Our tractor "went down", so we had to start full-time grazing a few days earlier than planned. Pasture growth had started to accelerate before this cold snap, so timing is about right. The hay we had been giving cows proved to be of less and less interest, as grass began growing. Clark has a grazing plan in place, which we look forward to executing after a long winter of feeding hay.
Though the beeves above are practicing physical distancing quite well, as you can see, when they pass through the gate, they become a shoulder-to-shoulder stream mayhem. But I understand the Governor has created an exemption for Red Devon cows anyway, so we feel good about their role in the great realignment that is currently underway in our society.
Last night we had an early Easter dinner, in order to share with you possibilities for a leg of lamb. Susan cooked this one via the sous-vide method; 124 degrees for three hours, followed by 500 degrees in the oven for 15 minutes. This is a boneless leg, which is what we currently have in inventory.The key thing is not to over-cook the leg. It is best rare, which is 120 to 125 degrees. Don't go beyond 130 degrees, or it becomes tough. Boneless legs are also great for grilling. One unfolds the leg, and the uneven thickness creates varied degrees of doneness for varied inclinations. It is also great smoked.

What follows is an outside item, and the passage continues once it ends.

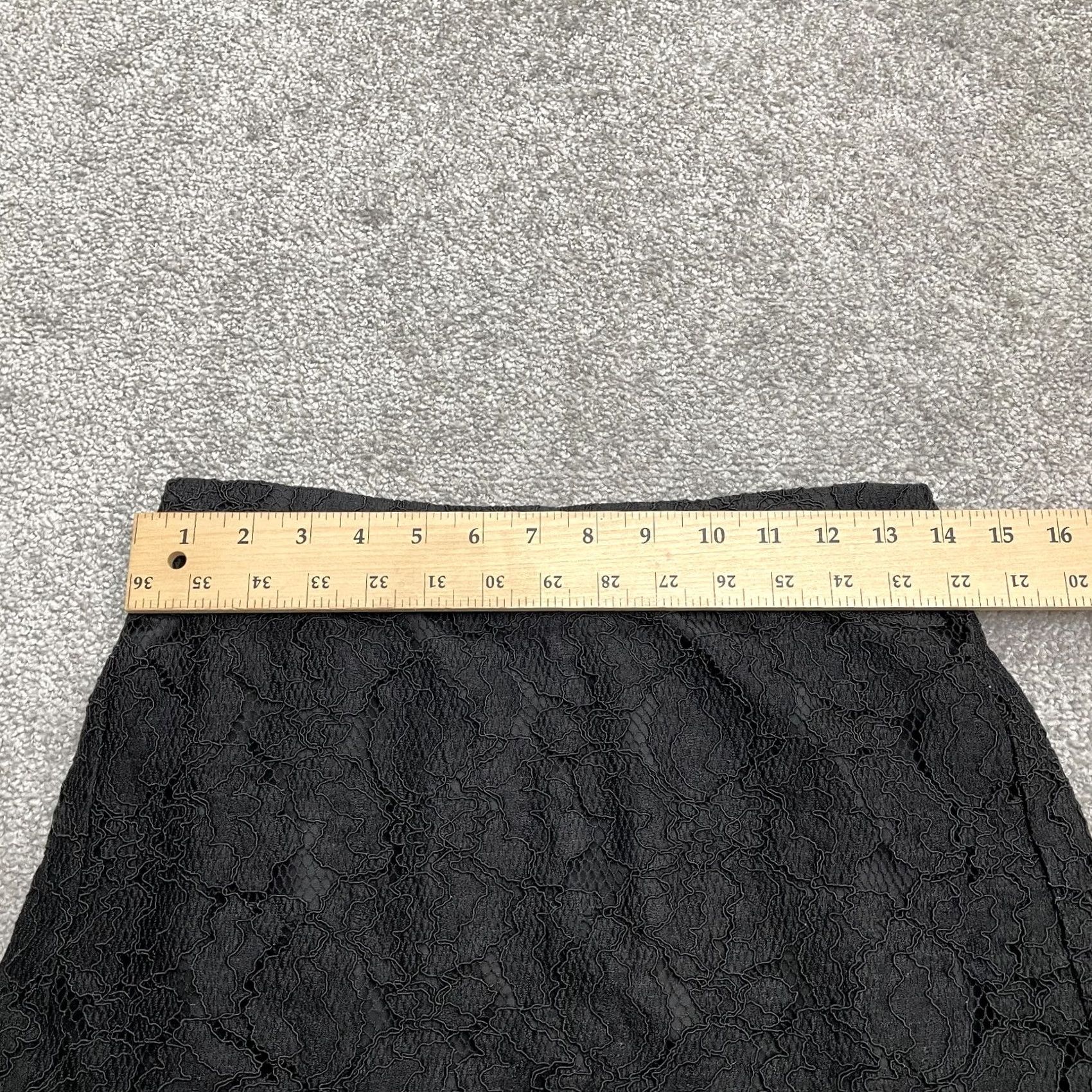 J.Crew VINTAGE? No, skip. J. Crew Lace A-Line Mini Skirt Womens 0 Solid Black Elastic Waist Lined Casual Size 25" / US 0 / IT 36 - 6 Thumbnail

We have a number on hand. If you would like to order one for Sunday's pick-up, there is still time until midnight tonight. Order here.
The meal was complemented by potato pancakes, laced with goat's cheese, and local spinach. We couldn't help marveling at the integrity and beauty of the food.
You might also check out the table below, which I made about 15 years ago from ancient poplar boards that had served time in an original granary built on the farm. The result is they are mouse-eaten and time-worn. The table has been waiting for us to renovate this house, as it is ten feet long and wouldn't fit in our previous abodes. It had been residing in the hayloft of the barn and is now grateful to give voice in our dining room. Like all elders, it has rich tales to tell, which we reverently receive when sitting before it.
I look forward to seeing those who have placed orders for this Sunday at the USBank parking lot on Edwards Rd, from 9:30 to 11:30. Remember, the protocols are quite strict but accordingly effective at enabling the transfer of essential food from farmers' lands to your table: remain in the car, with trunk open, as you slowly pass by, and vendors will place your orders within; no exchange of cash or credit.